The automated international data-sharing under CARF and CRS means undisclosed foreign accounts are far less safe than they were five years ago. Read about the end of expat financial invisibility for what that actually means operationally.

Your 2026 Action Checklist

Concrete steps based on where you actually stand:

If you're already sending transfers via US bank account: Nothing changes. Your transfers are exempt from IRC 4475. Confirm your provider pulls from your bank account (not cash) and move on.

If you've been using cash-funded services: Open a US bank account (Charles Schwab or Mercury are the best fits for expats). Link it to Remitly or your preferred service. Your transfers immediately become exempt and will likely be cheaper overall due to better exchange rates than cash services offer.

If you don't have a US address: Get one before your bank freezes your account. Traveling Mailbox at $15/month is cheaper than losing access to your exempt transfer infrastructure — or losing access to your brokerage during a volatile market.

If you received a large foreign gift or inheritance in 2026: Check whether it exceeds $50,000. If so, Form 3520 is required with your 2026 return. The penalty is automatic and the IRS does not commonly grant first-time abatement for this one.

If you're not filing FBAR: The Streamlined Filing Compliance Procedures are still available for non-willful cases — but only if you come forward before the IRS initiates contact. Once they reach out, the program closes for you. The cost of compliance is far lower than the cost of being found non-compliant.

The Bottom Line

The 1% US remittance excise tax is real law with real consequences — for the roughly 50 million cash-funded outbound transfers processed annually in the US. For the overwhelming majority of US expats who wire money from bank accounts or use bank-linked transfer apps, the tax is a complete non-event. Zero exposure. $0 owed.

The irony is that the expats most likely to panic about this law are precisely the expats least likely to be affected by it. Meanwhile, the foreign gift threshold reduction to $50,000 and unchanged FBAR penalties are far more likely to catch financially literate expats off guard — because those traps hit people who actually have assets and receive money, not people sending $300 in cash to a relative abroad.

Know what you owe. Transfer from a bank account. Keep your US address active. And don't let tax hysteria push you into restructuring something that was never broken.

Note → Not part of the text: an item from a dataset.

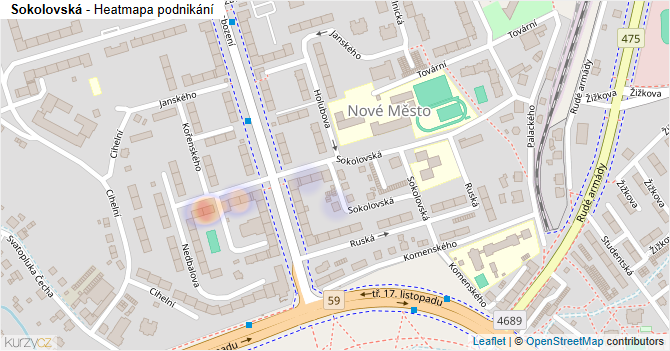 Sokolovská - mapa podnikání
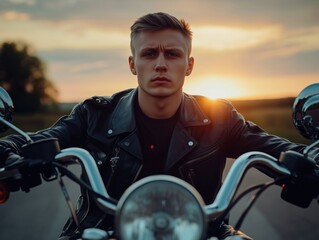 A young man in a leather jacket riding a motorcycle during sunset.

Financial Disclaimer: This article is for informational purposes only and does not constitute tax, legal, or financial advice. IRC Section 4475 and related regulations are new and subject to IRS guidance updates throughout 2026. Tax rules vary based on individual circumstances, residency status, and transfer methods. Consult a qualified international tax professional before making decisions based on this content. The author may receive compensation from affiliate partners linked in this article.